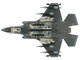 Lockheed Martin F 35A Lightning II Aircraft 100th Fighter Squadron Alabama Air National Guard 2023 United States Air Force Air Power Series 1/72 Diecast Model Hobby Master HA4441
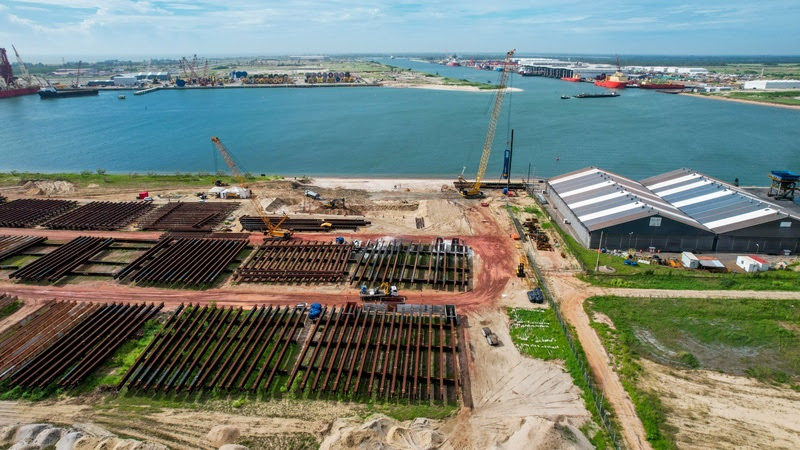 Porto do Açu anuncia início das obras no cais e de dragagem para expansão do Terminal Multicargas - T-MULT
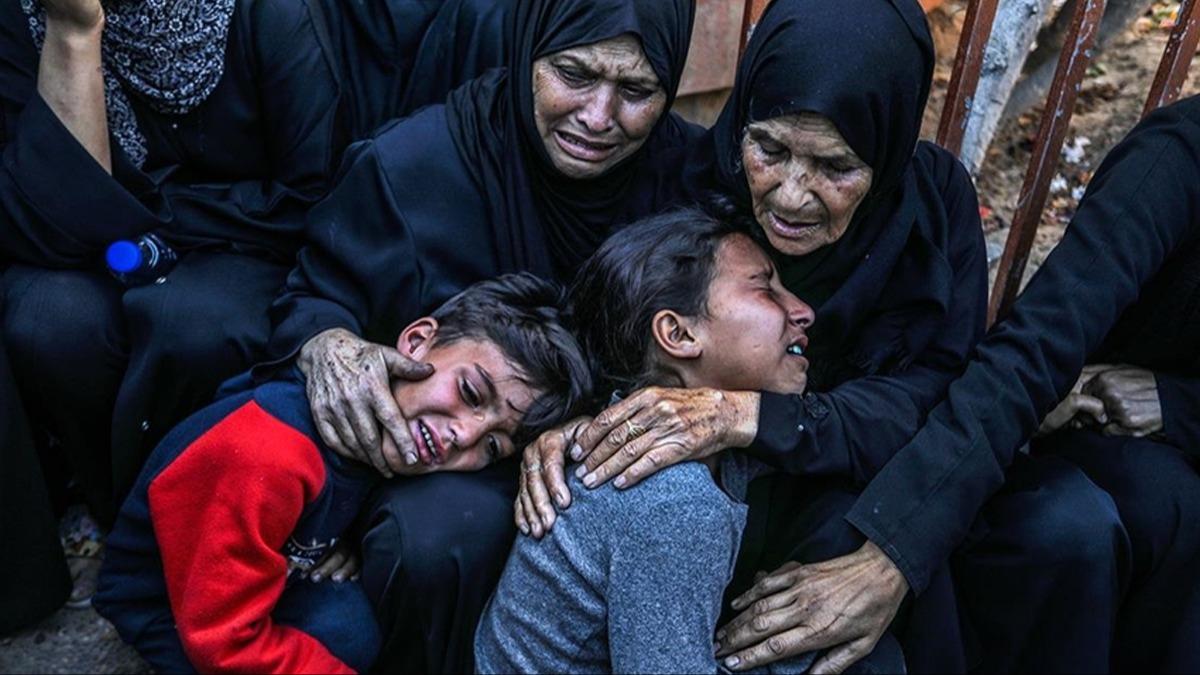 Avrupa'dan srail'e tepkiler  gibi: Gazze'de ahit olduumuz ey soykrm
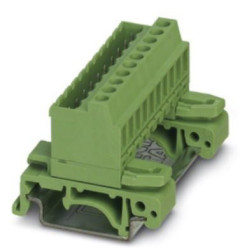 Kostka zaciskowa na szynie DIN Phoenix ContactŚruba UMSTBVK 2.5/19-G-5.08 raster: 5.08mm 12A 630 V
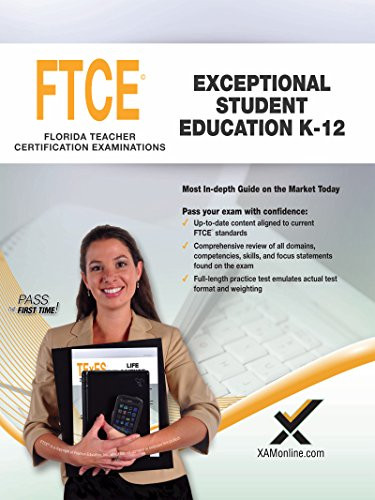2017 FTCE Exceptional Student Education K-12 by Sharon A Wynne, 9781607874737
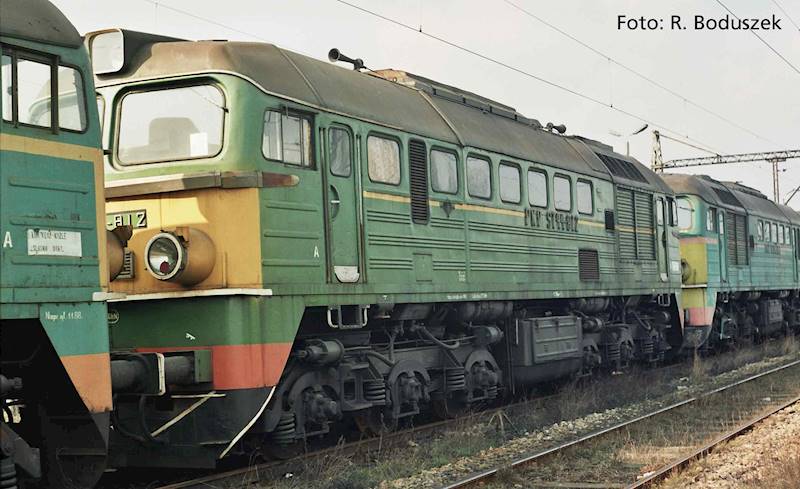 Lokomotywa ST44 PKP IV H0 PIKO 52953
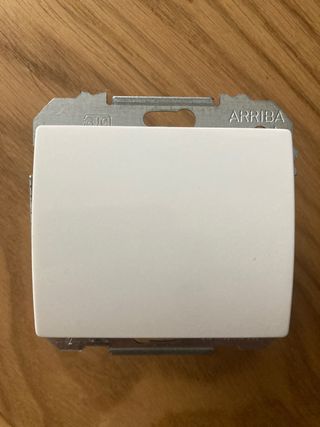 Botón interruptor sin marco (5 u.)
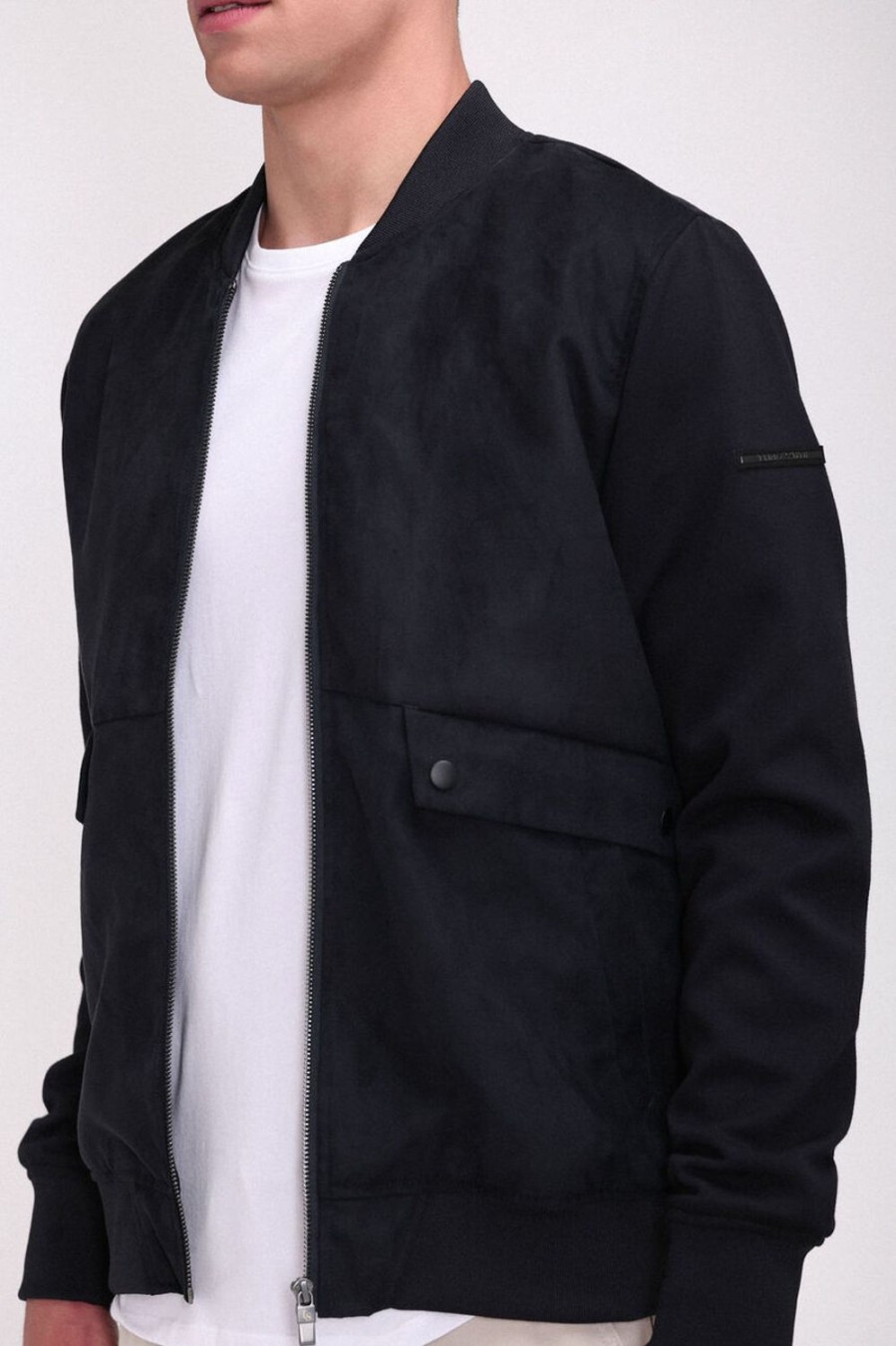 Teddy Smith Blouson Zippe Type Bombers Bkerry Hot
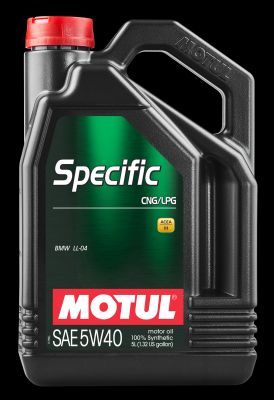 Obrázok Motorový olej MOTUL SPECIFIC CNG/LPG 5W40 101719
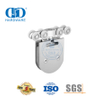 Abrazadera de puerta de acero inoxidable de aluminio, colgador de puerta corredera, accesorio de puerta enrollable para puerta corredera de una sola puerta-DDGS133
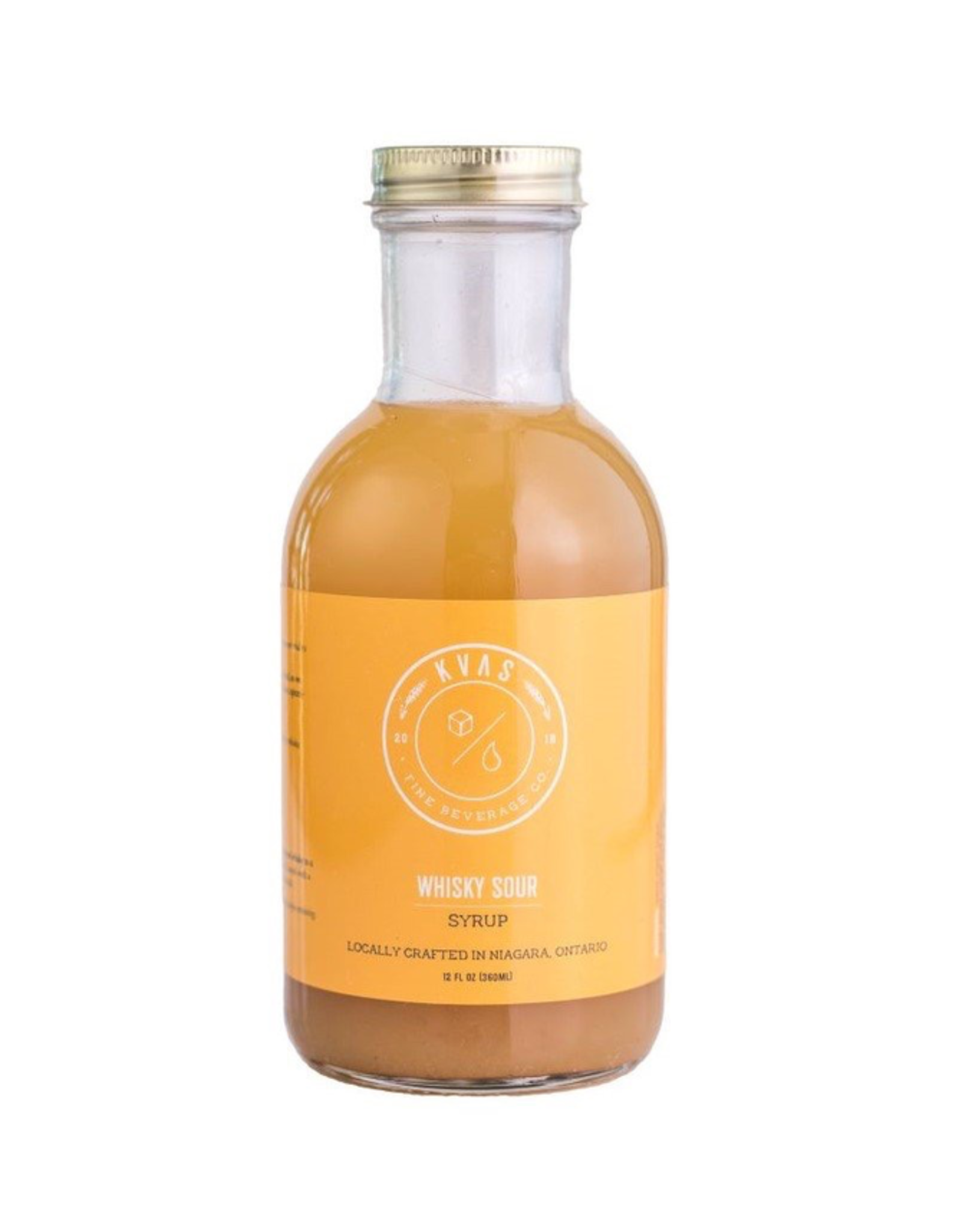 KVAS Golden Hour Sour Syrup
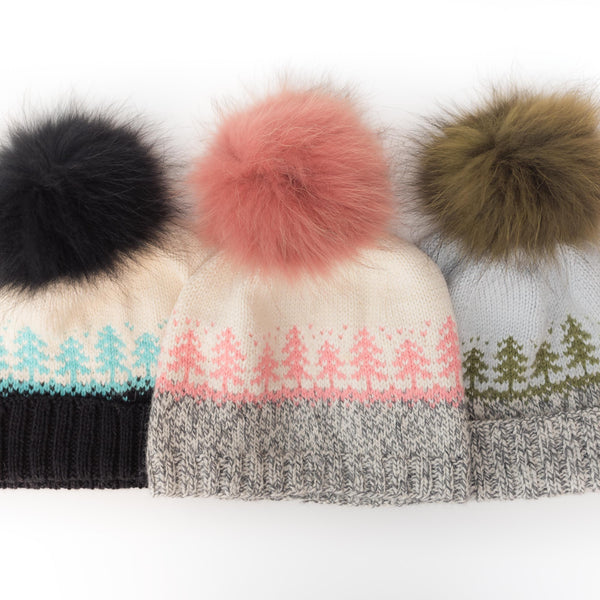 Central Park Hat & Slouchy Beanie Kits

----

[ASSIGNMENT]
Copy the lines starting at the line that contains "Obrázok Motorový olej" and running to the final line of the entries, inclusive; omit all pictures.

[SOLUTION BELOW]
 Obrázok Motorový olej MOTUL SPECIFIC CNG/LPG 5W40 101719
 Abrazadera de puerta de acero inoxidable de aluminio, colgador de puerta corredera, accesorio de puerta enrollable para puerta corredera de una sola puerta-DDGS133
 KVAS Golden Hour Sour Syrup
 Central Park Hat & Slouchy Beanie Kits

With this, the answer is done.